What to do:
Starting with the line containing "Jovem de 22" and going on through the line containing "Building Photo - 3207 Tilley Dr", return the lines of the data below exactly, and only those.

Extracted entries:
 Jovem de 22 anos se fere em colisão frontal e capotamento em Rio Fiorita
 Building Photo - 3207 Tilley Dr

==

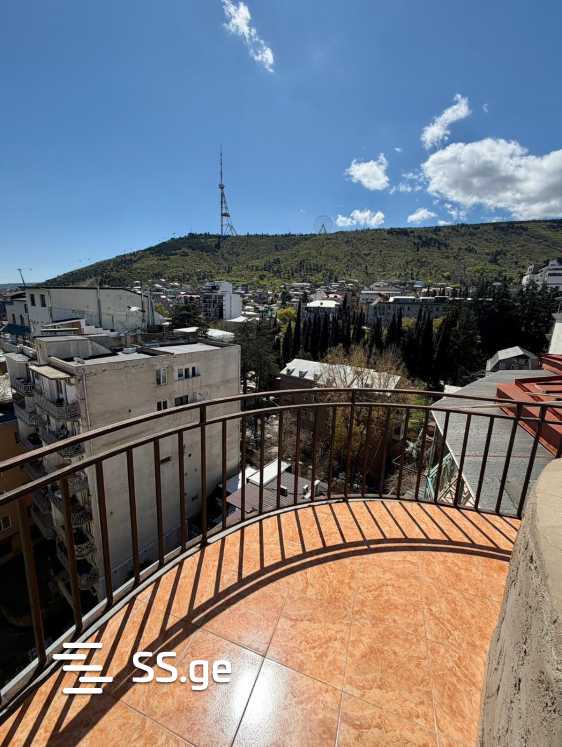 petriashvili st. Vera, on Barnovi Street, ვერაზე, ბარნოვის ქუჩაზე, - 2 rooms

* * *

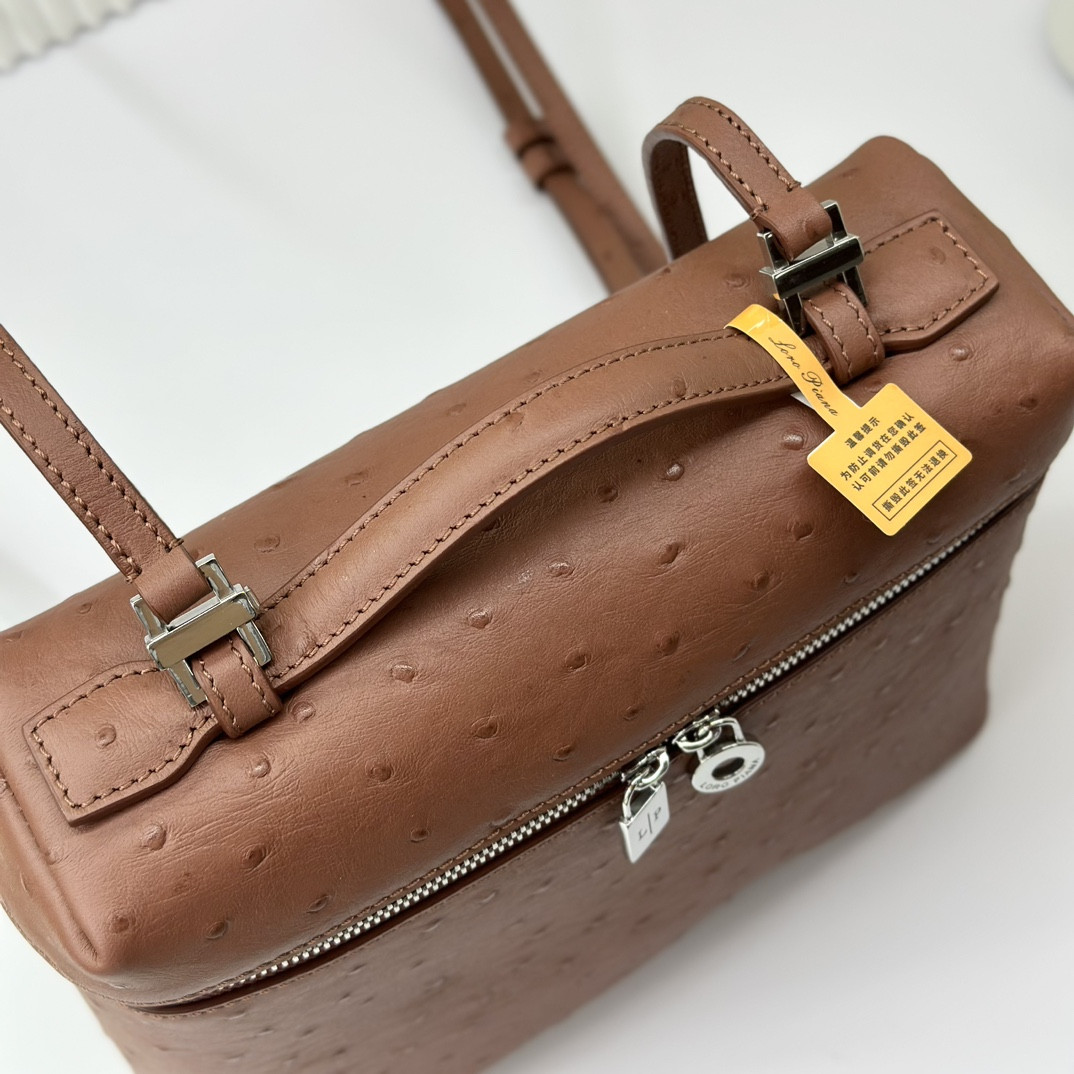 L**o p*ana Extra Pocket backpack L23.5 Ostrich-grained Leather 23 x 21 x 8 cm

Answer section:
 Jovem de 22 anos se fere em colisão frontal e capotamento em Rio Fiorita
 Building Photo - 3207 Tilley Dr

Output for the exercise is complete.